Green line

Λευκωσία is the last divided capital in Europe. When you’re walking through the city, you’ll find barriers made from oil barrels, roadblocks, barb wire and (bored) guards along a no-man’s-land leading from the east to the west of the city. This area is protected by UN forces and even as you’re not allowed to do photographs you can get close to the border pretty easy. It is bizarre to see the empty and deteriorating buildings in the heart of the city.

The inhabitants seem to be used to that situation and they just place the tables of their bars directly next to the wall; luckily, it’s been a border without fights in the recent past. There is only one place where you can officially cross the border and that is the Ledras street.
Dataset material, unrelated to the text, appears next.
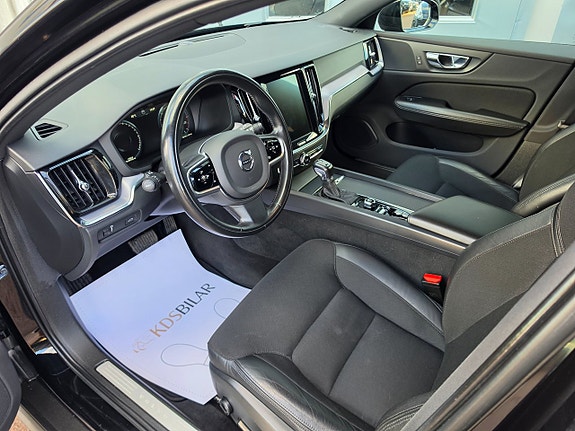 Volvo V60 Cross Country 9 of 15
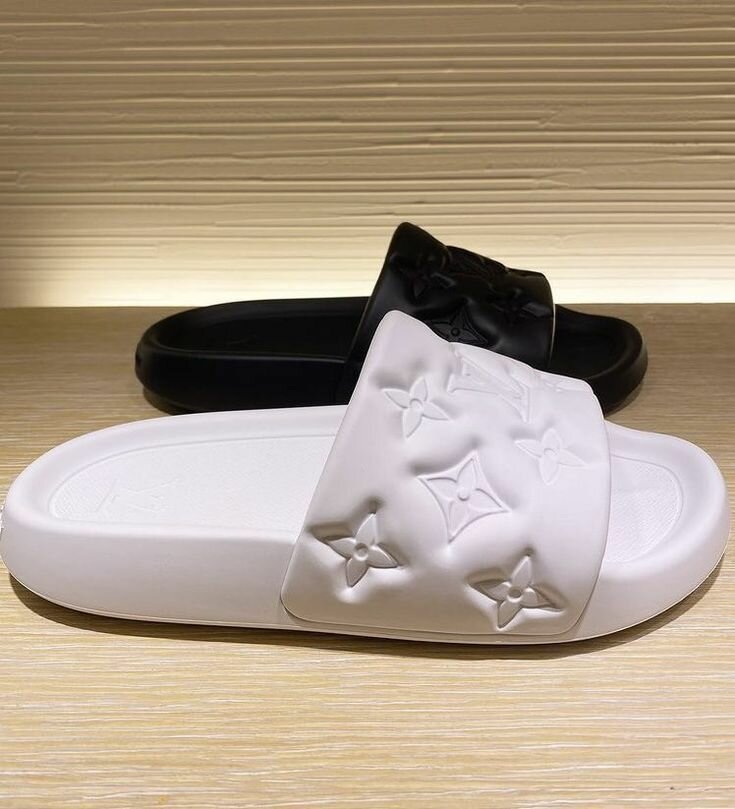 Branded fashion slippers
When you’ve shown your passport twice you walk to the Turkish occupied north of the city, and you’ll immediately see that you’ve moved into a totally different country. It feels like teleporting from Greece to Turkey.

How did this all happen? Cyprus was occupied by the Osman empire since 1571, but during the first World War the British took over power. In 1925 the country officially became a British colony, but the Cypriots wanted independence. After a bloody independence war, a treaty between Greece, Turkey and Great Britain gave Cyprus the status of an independent state in 1960. But it was a fragile independence that has already then to be secured by UN forces.

In 1974 president Makarios was removed in a Coup d’état. Nationalist forces requested to make Cyprus part of Greece; a process not only limited to the island but known as the Enosis. The reaction of Turkey was to occupy the rich and touristy north of the island to prevent Greece to incorporate it. The UN stated that this act was against international law and requested Turkey to withdraw their forces, but Turkey declined. Since then, the island is divided, and an UN-protected buffer zone crosses the complete island.

In the north there is now the Turkish Republic of Northern Cyprus (TRNC) that is only acknowledged by Turkey – by no other country in the world. When Cyprus became part of the European Union, the complete island became part of it. But for sure the north isn’t fully part of EU until a potential future re-unification of the island. And it is really time for that. Do it like Berlin, Λευκωσία!